*Dataset content:*
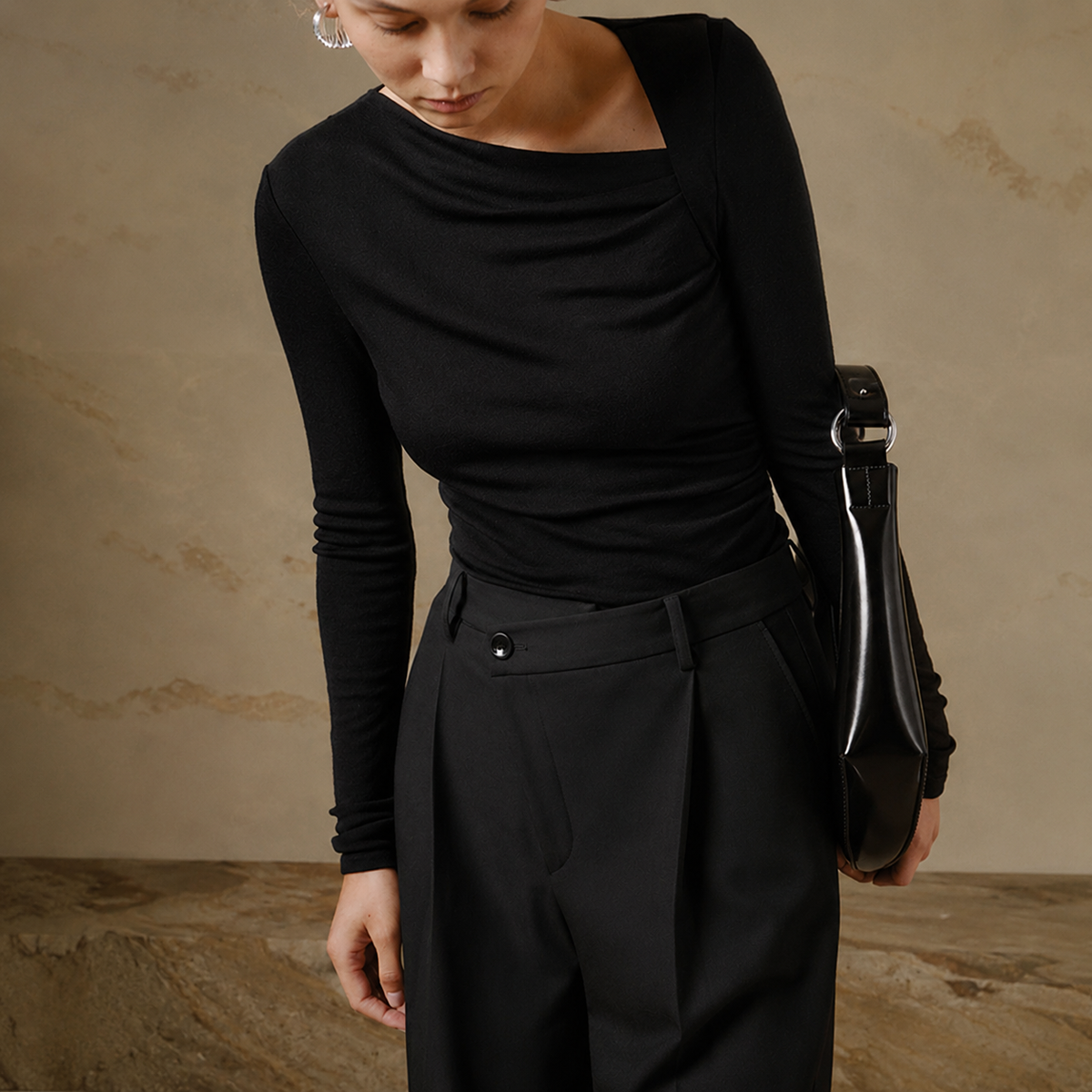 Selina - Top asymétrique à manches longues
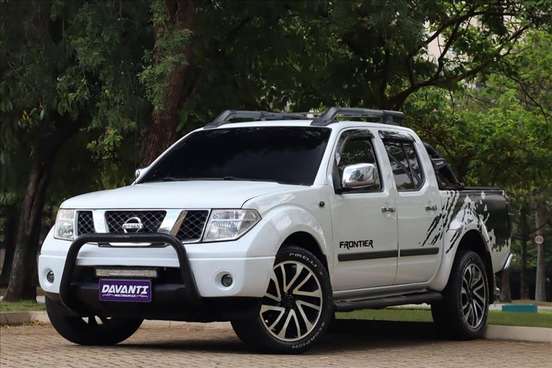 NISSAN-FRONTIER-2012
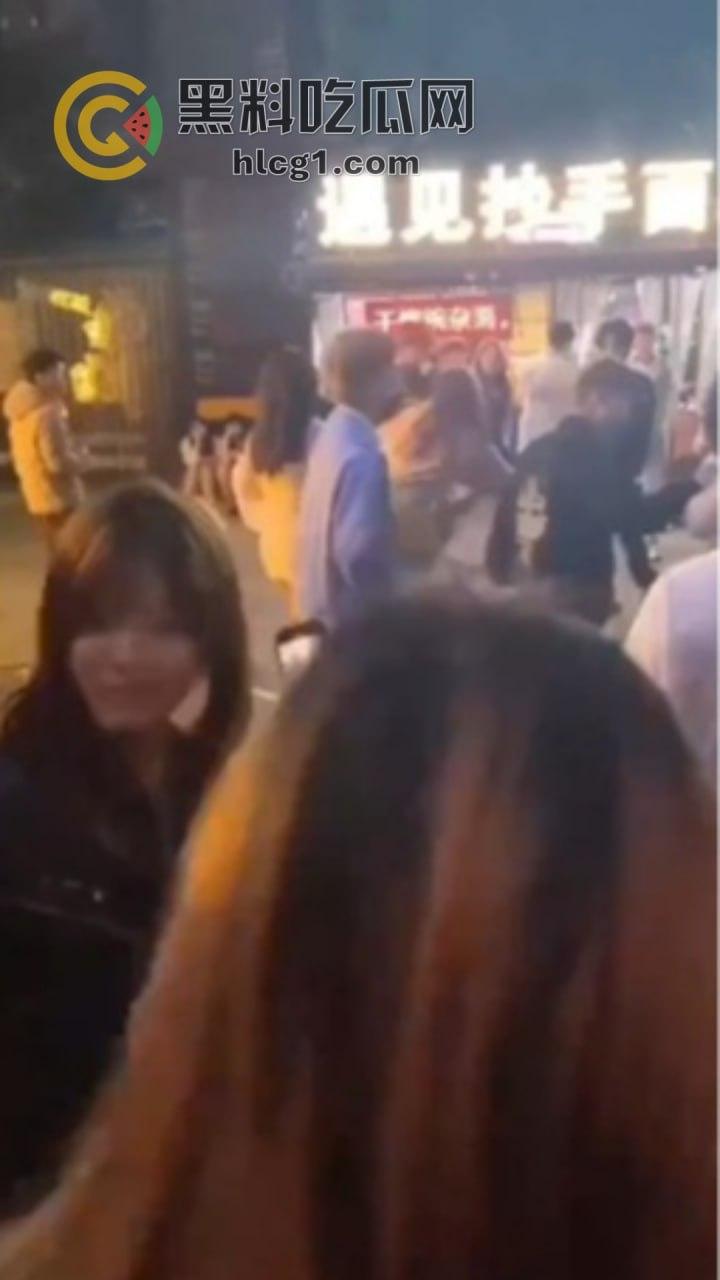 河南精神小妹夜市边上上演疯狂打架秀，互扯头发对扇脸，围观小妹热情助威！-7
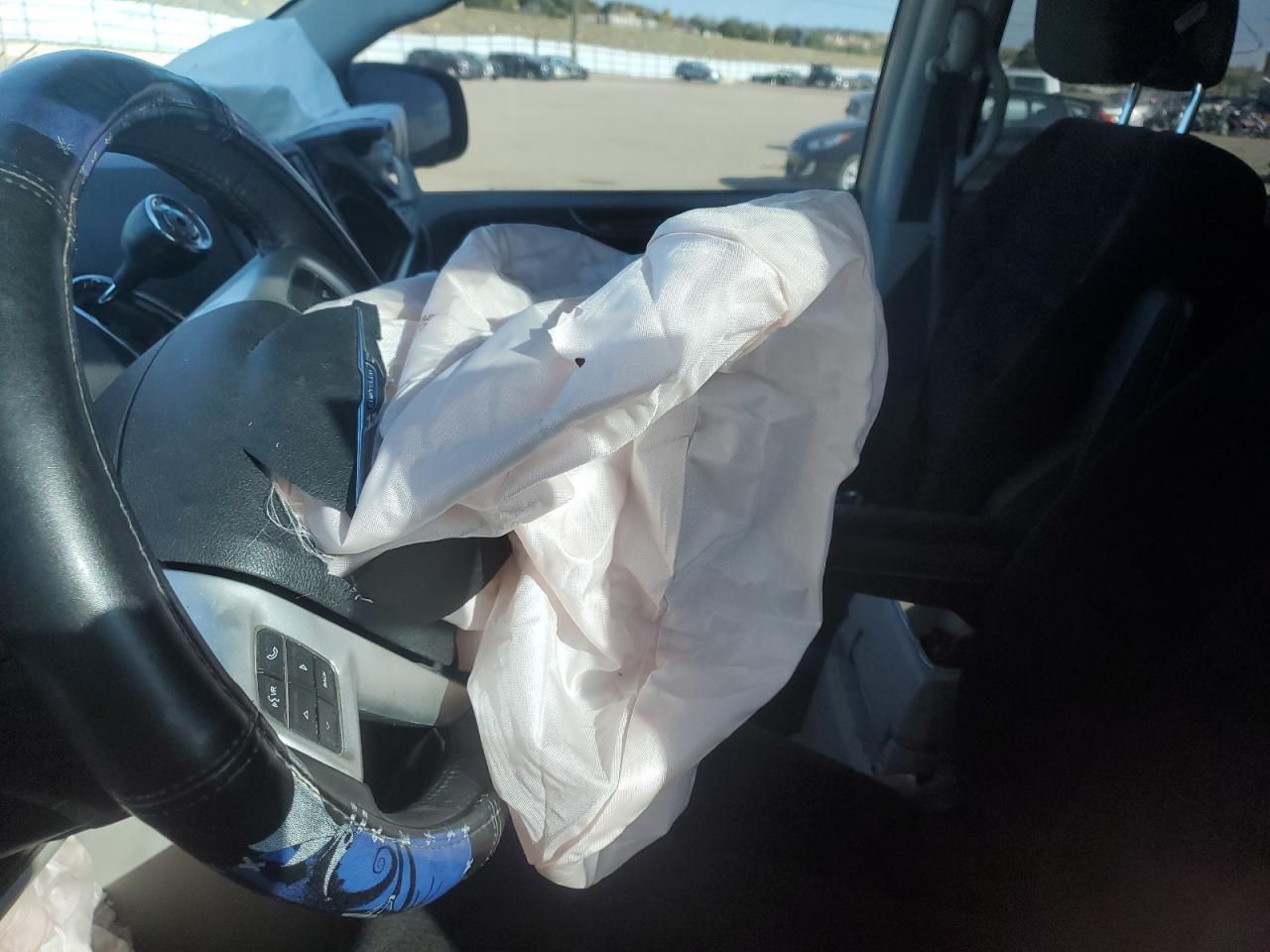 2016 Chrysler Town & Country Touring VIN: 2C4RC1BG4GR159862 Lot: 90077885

*Exercise:* Output all of the data word for word, excluding any pictures.

*Task response:*
 Selina - Top asymétrique à manches longues
 NISSAN-FRONTIER-2012
 河南精神小妹夜市边上上演疯狂打架秀，互扯头发对扇脸，围观小妹热情助威！-7
 2016 Chrysler Town & Country Touring VIN: 2C4RC1BG4GR159862 Lot: 90077885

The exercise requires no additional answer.